Re: Super PathKeys (Allowing sort order through precision loss functions)

From: Tomas Vondra <tomas(dot)vondra(at)2ndquadrant(dot)com>
To: David Rowley <david(dot)rowley(at)2ndquadrant(dot)com>
Cc: Tom Lane <tgl(at)sss(dot)pgh(dot)pa(dot)us>, PostgreSQL Hackers <pgsql-hackers(at)lists(dot)postgresql(dot)org>
Subject: Re: Super PathKeys (Allowing sort order through precision loss functions)
Date: 2018-10-31 13:18:35
Message-ID: 71c7bbe1-49d2-36c9-a93c-a3a39a977068@2ndquadrant.com
Views: Raw Message | Whole Thread | Download mbox | Resend email
Thread:
Lists: pgsql-hackers

On 10/31/2018 04:32 AM, David Rowley wrote:
> On 31 October 2018 at 14:23, Tomas Vondra <tomas(dot)vondra(at)2ndquadrant(dot)com> wrote:
>> The other thing likely affecting this is locale / collation. Probably
>> not for date_trunc, but certainly for things like substr()/trim(),
>> mentioned by Simon upthread.
>>
>> In some languages the rules are pretty complex, and there's no chance
>> it'll survive arbitrary substr() applied to the string. For example, in
>> Czech we mostly sort character-by-character, but "ch" is an exception
>> sorted in between "h" and "i".
>>
>> So essentially "hhhh <= hchh <= hihh". Obviously, substr($1,0,3) cuts
>> the "ch" in half, changing the ordering:
>>
>> create table x (y text collate "cs_CZ");
>> insert into x values ('hhhh'), ('hchh'), ('hihh');
>>
>> test=# select y from x order by 1;
>> y
>> ------
>> hhhh
>> hchh
>> hihh
>> (3 rows)
>>
>> test=# select substr(y,0,3) from x order by 1;
>> substr
>> --------
>> hc
>> hh
>> hi
>> (3 rows)
>>
>> I'm preeeeeeetty sure other languages have even funnier rules ...
>
> That's pretty interesting, but as mentioned in my initial email...
> More careful thought would be needed for other numerical types and
> text types, I imagine, though I've not thought much about that.
>
> I don't really think trim() or substr() would ever work for the reason
> that they don't always operate on a prefix of the string. What you've
> mentioned seems to rule out LEFT().
>

Sure, but it wasn't very clear to me what the "more careful thought"
would mean.

I think a direct consequence of Tom's point about opclasses is that
storing this information in pg_proc is not going to fly - you would need
a separate catalog for that, to allow mapping the function to multiple
opclasses (possibly with different features?). But OK, that's doable.

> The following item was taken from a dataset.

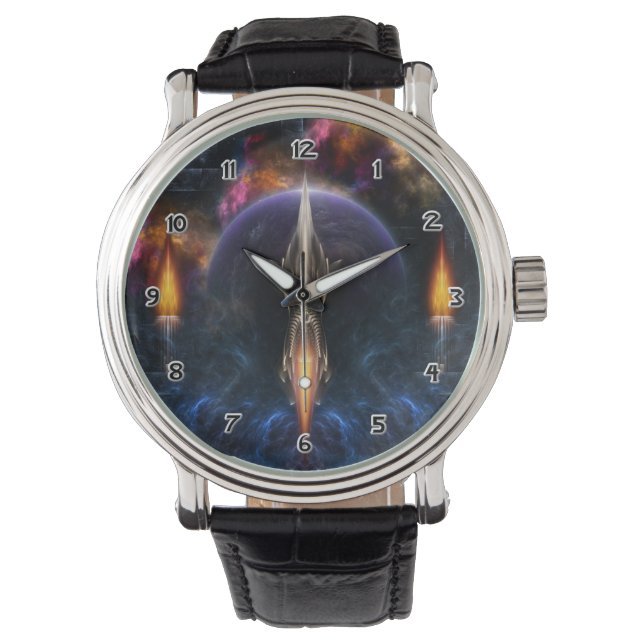 Vision Of Flight Fractal Art Wrist Watch (Front)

But what if you also need to do that for collations? Firstly, it would
it add another degree of freedom, essentially making it (proc, opclass,
collation, ... metadata ...) so there would be many such combinations. I
can't really imagine defining that manually, but maybe it can be
simplified. But more importantly - the list of collations is kinda
dynamic, and AFAIK the collation rules may change depending on the
glibc/icu versions. So, that seems pretty tricky. It's certainly not a
just a SMOP.

>> I'm mildly suspicious of this data set, because it's essentially
>> perfectly sorted/deterministic, and the Sort node won't have to do
>> anything. So perhaps it just works by chance.
>>
>> Consider this instead:
>>
>> create table dt (ts timestamp, x text);
>>
>> insert into dt select * from (select d, (case when random() < 0.5 then
>> 'month' else 'hour' end) from generate_series('2018-01-01'::timestamp,
>> '2018-12-31'::timestamp, '1 hour'::interval) d) as foo order by random();
>>
>
> [...]
>
>> 2018-01-01 00:00:00
>> 2018-01-01 00:00:00
>> 2018-01-01 00:00:00
>> 2018-01-02 13:00:00
>> ... kaboooooom! ...
>
> Yeah. This is an issue. Thanks for the test case. However, I
> acknowledged that in my reply to Tom. I did overlook it, which was
> completely down to lack of imagination on my part. I'd never
> considered using date_trunc() without a const 1st argument before. It
> seems simple enough to disable the optimisation in that case. I've
> attached a patch which does that. Maybe that'll help us look beyond
> this and focus on any other reasons why this is not possible.
>

Ah, sorry - I've missed this bit in your response. In my defense, it's
been quite late over here, and my caffeine level got a tad too low.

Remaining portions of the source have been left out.